Ukraine peace plan: ‘Poroshenko’s PR move in a form of ultimatum’
Ukrainian leader’s 15-point peace plan is in fact a demand for unconditional surrender, under a threat of extermination, Mark Sleboda, Moscow State University’s international relations expert, told RT.
RT: Let’s start off with Poroshenko declaring the ceasefire. Some of his statements haven't really come to fruition, so how are we to believe this one, particularly where civilians are concerned, will happen?
Mark Sleboda: We already had several declarations of ceasefire throughout the past week by various political forces and military forces on the ground. And during all this time, the artillery never stopped shelling, the paramilitary forces never stopped advancing and there is no reason to believe that this should be any different.
In fact, there are already some reports from the ground that mortar fire on positions of the Donetsk and Lugansk military forces has already resumed.
RT: So basically what you are saying is - so far no?
MS: No. No. I think this declaration of a ceasefire is merely a PR move by the Poroshenko regime in the run up. It is no surprise that the declared ceasefire ends on the day that Poroshenko is supposed to sign the EU Association Agreement.
RT: Let's talk about the talks between the Kiev-appointed authorities and the eastern regions. It is not proving to be very constructive, them ignoring the anti-government movement leaders there or is it?
MS: It is a little bit of Orwellian double speak to call this a peace plan, and I'm a little bit disappointed that any Russian media network would call it a peace plan, without at least putting it in quotes. Peace is by definition is negotiated and Poroshenko has already declared that there will be no negotiation with the political and militant leaders on the ground in the eastern Ukraine. So this is not a peace plan. This is an ultimatum, a demand for the unconditional surrender, under promise of extermination.
RT: So talk about the plan. It includes the decentralization of power, early elections, protection of the Russian language, isn't it going to appease the various types of activists who are looking for more right now?
MS: Even three months ago these would have not satisfied their grievances. Promises guaranteeing the rights of the Russian language is what they already had before this putsch regime seized power and started to take away the Russian language rights from the people.
This decentralization is not clearly defined but what we have seen so far is that it only includes local executive committees. The governors would still have the right to be overruled and appointed by Kiev. So there really is no decentralization in this agreement and there is no greater protection for Russian language use than already has existed.

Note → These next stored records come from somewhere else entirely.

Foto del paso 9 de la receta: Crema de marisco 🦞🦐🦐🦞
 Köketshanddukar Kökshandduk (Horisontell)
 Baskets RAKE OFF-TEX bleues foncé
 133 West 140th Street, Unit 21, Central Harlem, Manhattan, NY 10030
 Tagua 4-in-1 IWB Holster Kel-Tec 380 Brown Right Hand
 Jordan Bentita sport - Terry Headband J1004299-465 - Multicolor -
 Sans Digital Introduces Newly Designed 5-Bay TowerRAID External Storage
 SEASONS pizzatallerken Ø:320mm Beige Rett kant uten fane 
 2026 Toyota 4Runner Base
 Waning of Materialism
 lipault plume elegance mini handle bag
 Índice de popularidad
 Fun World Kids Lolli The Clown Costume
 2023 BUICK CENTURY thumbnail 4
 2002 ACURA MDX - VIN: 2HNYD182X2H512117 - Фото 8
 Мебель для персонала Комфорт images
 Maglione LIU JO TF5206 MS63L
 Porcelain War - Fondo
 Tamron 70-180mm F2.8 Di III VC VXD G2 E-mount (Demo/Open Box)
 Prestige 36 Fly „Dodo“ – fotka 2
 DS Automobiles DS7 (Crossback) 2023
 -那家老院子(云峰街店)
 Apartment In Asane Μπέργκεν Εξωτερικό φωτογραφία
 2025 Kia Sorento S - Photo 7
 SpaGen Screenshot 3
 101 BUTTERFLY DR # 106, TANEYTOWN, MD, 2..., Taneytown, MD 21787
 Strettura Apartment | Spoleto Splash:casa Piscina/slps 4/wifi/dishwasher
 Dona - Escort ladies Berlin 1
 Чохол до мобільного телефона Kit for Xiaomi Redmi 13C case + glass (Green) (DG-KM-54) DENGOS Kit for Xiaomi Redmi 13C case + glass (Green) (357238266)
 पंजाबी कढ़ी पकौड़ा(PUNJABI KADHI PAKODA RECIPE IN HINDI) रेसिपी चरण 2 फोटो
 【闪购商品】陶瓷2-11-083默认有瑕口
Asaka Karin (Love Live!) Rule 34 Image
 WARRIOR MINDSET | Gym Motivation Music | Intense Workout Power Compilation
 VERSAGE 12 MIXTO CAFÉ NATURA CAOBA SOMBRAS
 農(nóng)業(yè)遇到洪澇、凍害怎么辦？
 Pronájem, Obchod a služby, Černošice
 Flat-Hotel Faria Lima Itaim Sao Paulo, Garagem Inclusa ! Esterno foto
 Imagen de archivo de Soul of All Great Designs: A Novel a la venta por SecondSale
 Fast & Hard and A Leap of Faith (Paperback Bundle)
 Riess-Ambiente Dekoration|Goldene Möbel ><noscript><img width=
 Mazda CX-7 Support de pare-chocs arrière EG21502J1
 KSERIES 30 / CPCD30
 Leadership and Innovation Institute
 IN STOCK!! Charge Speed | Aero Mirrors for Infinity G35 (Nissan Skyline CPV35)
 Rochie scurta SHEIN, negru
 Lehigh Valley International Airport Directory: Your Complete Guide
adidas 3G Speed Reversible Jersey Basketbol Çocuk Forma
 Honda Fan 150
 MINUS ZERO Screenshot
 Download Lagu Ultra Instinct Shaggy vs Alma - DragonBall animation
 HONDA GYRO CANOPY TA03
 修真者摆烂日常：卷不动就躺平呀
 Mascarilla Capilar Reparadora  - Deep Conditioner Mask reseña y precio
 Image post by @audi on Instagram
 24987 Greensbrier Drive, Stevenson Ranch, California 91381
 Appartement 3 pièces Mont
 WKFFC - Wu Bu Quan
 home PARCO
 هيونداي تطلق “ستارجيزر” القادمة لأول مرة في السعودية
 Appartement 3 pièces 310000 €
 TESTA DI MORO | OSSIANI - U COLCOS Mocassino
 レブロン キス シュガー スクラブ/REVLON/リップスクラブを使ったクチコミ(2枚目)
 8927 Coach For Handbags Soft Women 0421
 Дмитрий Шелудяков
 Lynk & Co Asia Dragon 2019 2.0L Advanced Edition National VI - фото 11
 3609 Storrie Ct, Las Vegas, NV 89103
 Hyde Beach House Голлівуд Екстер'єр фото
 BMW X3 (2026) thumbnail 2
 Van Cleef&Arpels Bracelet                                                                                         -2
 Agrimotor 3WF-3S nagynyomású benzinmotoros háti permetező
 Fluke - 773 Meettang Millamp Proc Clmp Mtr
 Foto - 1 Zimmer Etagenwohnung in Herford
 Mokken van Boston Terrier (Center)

RT: The Russian UN ambassador believes that other UN members are almost stalling this humanitarian resolution on Ukraine proposed by Moscow. So why would they do that?
MS: They have backed this government before it was in power. In fact they have supported and helped orchestrate the riots, the regime change that brought it to power. And they have defended it slavishly, ignoring all the details of the massacres and what amount to an ethnic cleansing campaign and state terror campaign on the ground. There is no way that they are going to allow a UN resolution which would dent the reputation of the regime which they have supported to pass in the Security Council.
RT: Are you at all optimistic that Poroshenko can actually restore peace with his plans?
MS: I think this is not the intention of the plans at all. The intention of the plan is to insure as swift and as thorough a military victory as possible. That is what this document says. This document is in no way, shape or form a peace plan. It is an ultimatum and a promise of further military force.